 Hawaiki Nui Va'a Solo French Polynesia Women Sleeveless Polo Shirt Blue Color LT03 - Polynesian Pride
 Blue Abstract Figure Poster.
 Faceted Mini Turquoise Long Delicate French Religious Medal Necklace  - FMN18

==

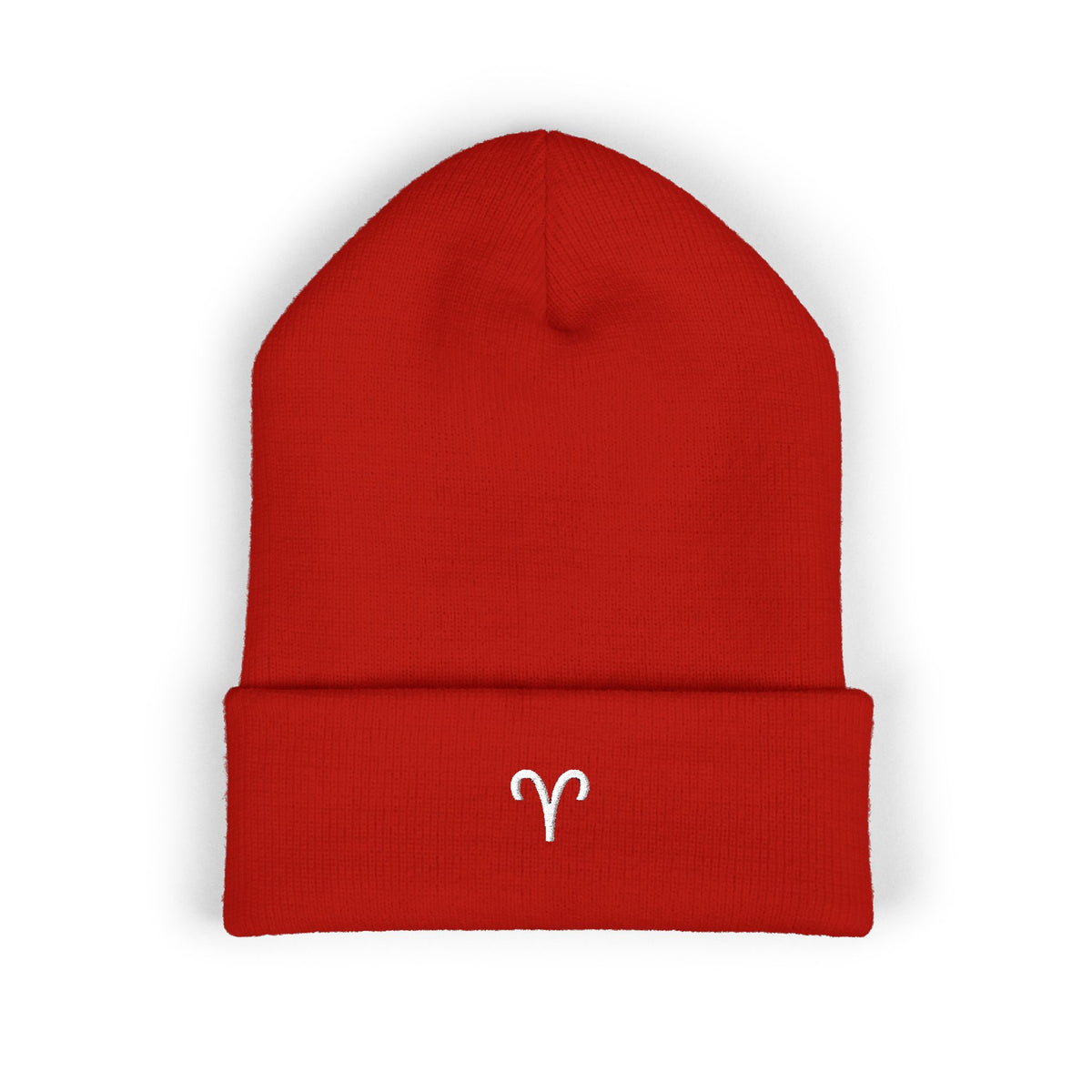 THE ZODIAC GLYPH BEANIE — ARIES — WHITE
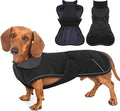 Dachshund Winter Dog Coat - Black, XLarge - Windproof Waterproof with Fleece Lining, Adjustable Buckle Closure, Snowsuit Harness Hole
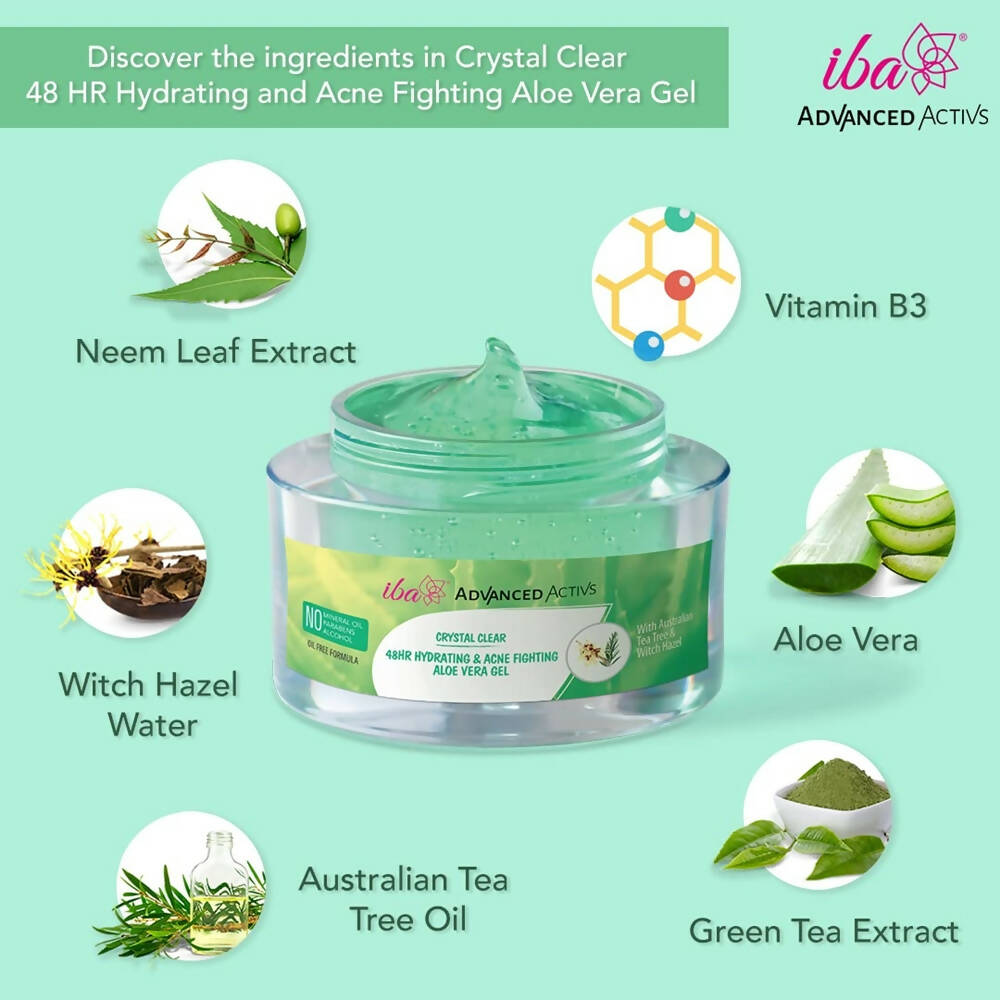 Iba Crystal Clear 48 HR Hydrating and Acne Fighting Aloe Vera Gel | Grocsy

Your assignment: For this exercise, repeat exactly the lines of the data above from the one with "Hawaiki Nui Va'a" down to the one with "Faceted Mini Turquoise", both end lines included.

Result of the exercise:
 Hawaiki Nui Va'a Solo French Polynesia Women Sleeveless Polo Shirt Blue Color LT03 - Polynesian Pride
 Blue Abstract Figure Poster.
 Faceted Mini Turquoise Long Delicate French Religious Medal Necklace  - FMN18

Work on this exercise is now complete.